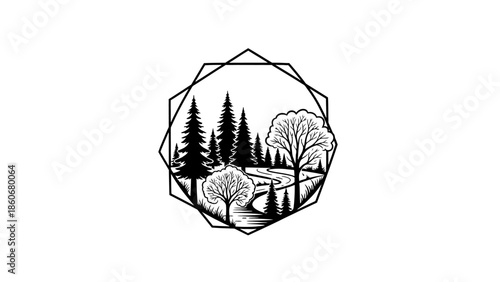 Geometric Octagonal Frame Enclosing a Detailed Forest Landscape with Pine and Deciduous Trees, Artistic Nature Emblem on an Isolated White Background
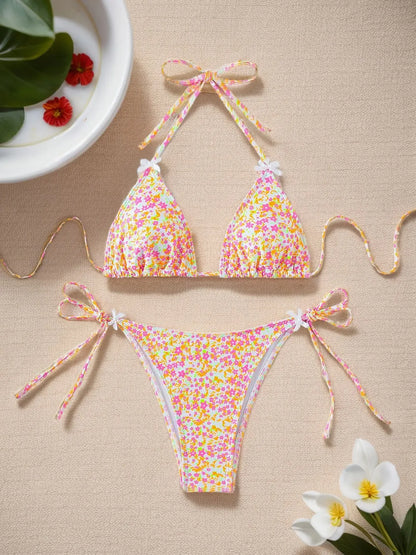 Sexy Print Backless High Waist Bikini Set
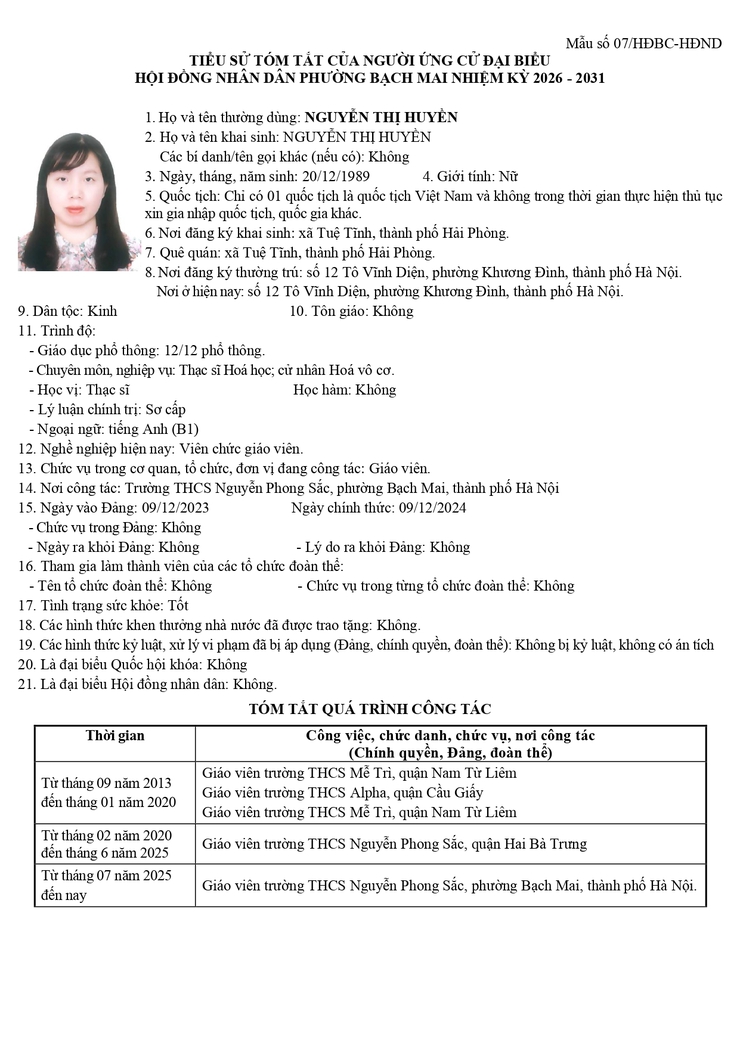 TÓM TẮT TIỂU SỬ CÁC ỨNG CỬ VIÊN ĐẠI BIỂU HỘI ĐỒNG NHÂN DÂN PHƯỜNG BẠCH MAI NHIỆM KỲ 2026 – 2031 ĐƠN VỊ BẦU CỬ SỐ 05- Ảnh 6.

----------------------------------------

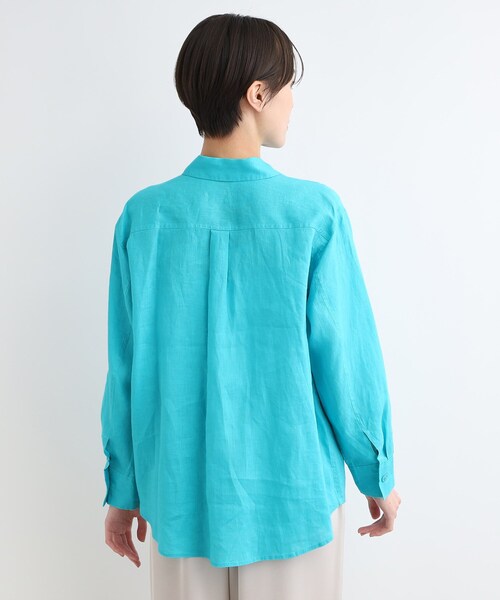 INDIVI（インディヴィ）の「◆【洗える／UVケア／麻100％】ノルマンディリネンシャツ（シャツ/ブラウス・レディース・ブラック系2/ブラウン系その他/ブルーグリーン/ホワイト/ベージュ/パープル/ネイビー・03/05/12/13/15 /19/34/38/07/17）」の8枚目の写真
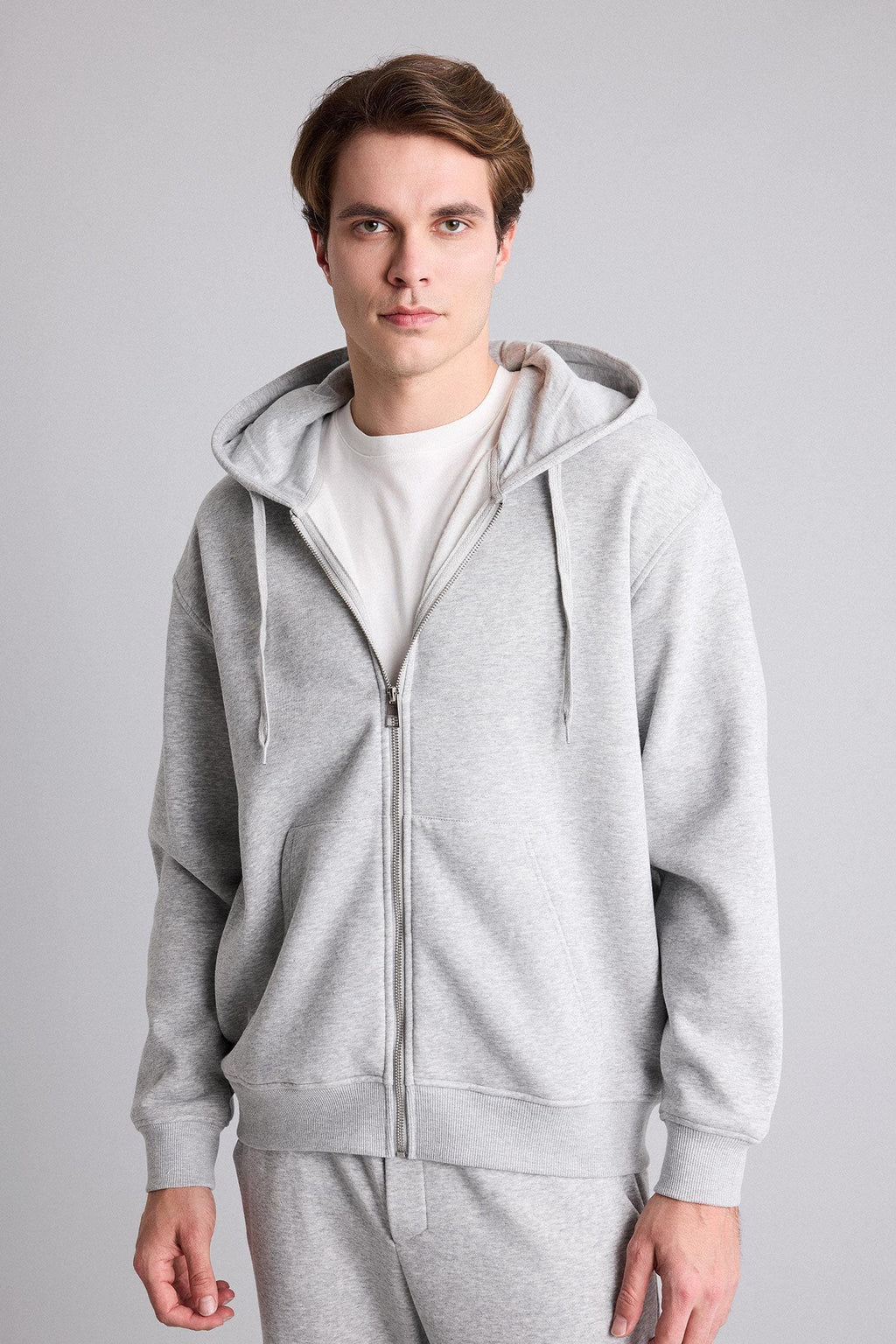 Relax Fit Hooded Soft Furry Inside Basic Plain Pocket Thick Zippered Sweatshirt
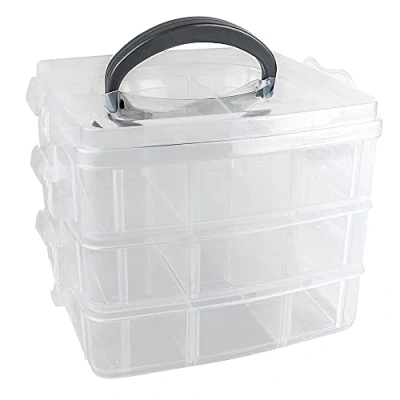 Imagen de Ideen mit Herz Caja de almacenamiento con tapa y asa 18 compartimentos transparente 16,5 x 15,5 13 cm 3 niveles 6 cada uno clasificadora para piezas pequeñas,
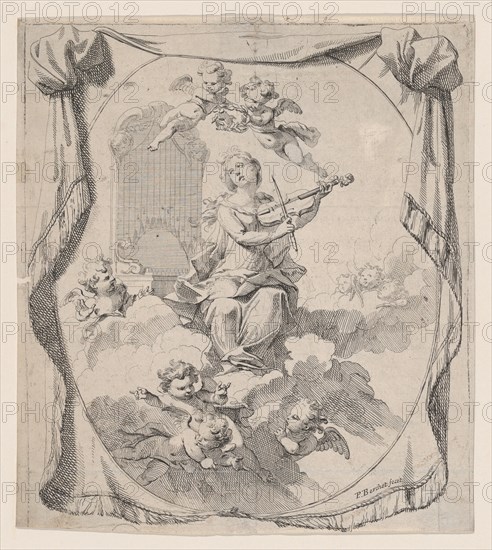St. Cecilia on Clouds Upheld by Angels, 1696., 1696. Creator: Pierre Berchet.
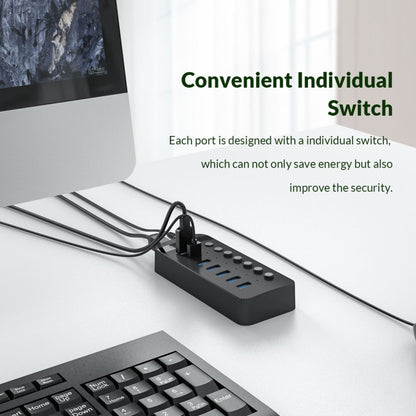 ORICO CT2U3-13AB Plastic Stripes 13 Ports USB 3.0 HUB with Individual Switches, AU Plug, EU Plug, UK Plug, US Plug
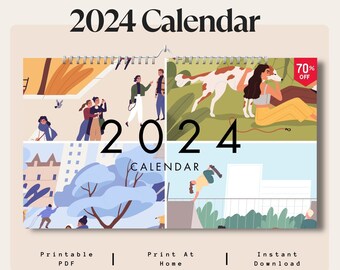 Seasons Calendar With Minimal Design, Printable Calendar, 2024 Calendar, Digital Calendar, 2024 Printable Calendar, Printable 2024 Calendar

----------------------------------------

Copy word for word only the lines above from the one with "Geometric Octagonal Frame" through the one with "TÓM TẮT TIỂU". Leave pictures out.

 Geometric Octagonal Frame Enclosing a Detailed Forest Landscape with Pine and Deciduous Trees, Artistic Nature Emblem on an Isolated White Background
 Sexy Print Backless High Waist Bikini Set
 TÓM TẮT TIỂU SỬ CÁC ỨNG CỬ VIÊN ĐẠI BIỂU HỘI ĐỒNG NHÂN DÂN PHƯỜNG BẠCH MAI NHIỆM KỲ 2026 – 2031 ĐƠN VỊ BẦU CỬ SỐ 05- Ảnh 6.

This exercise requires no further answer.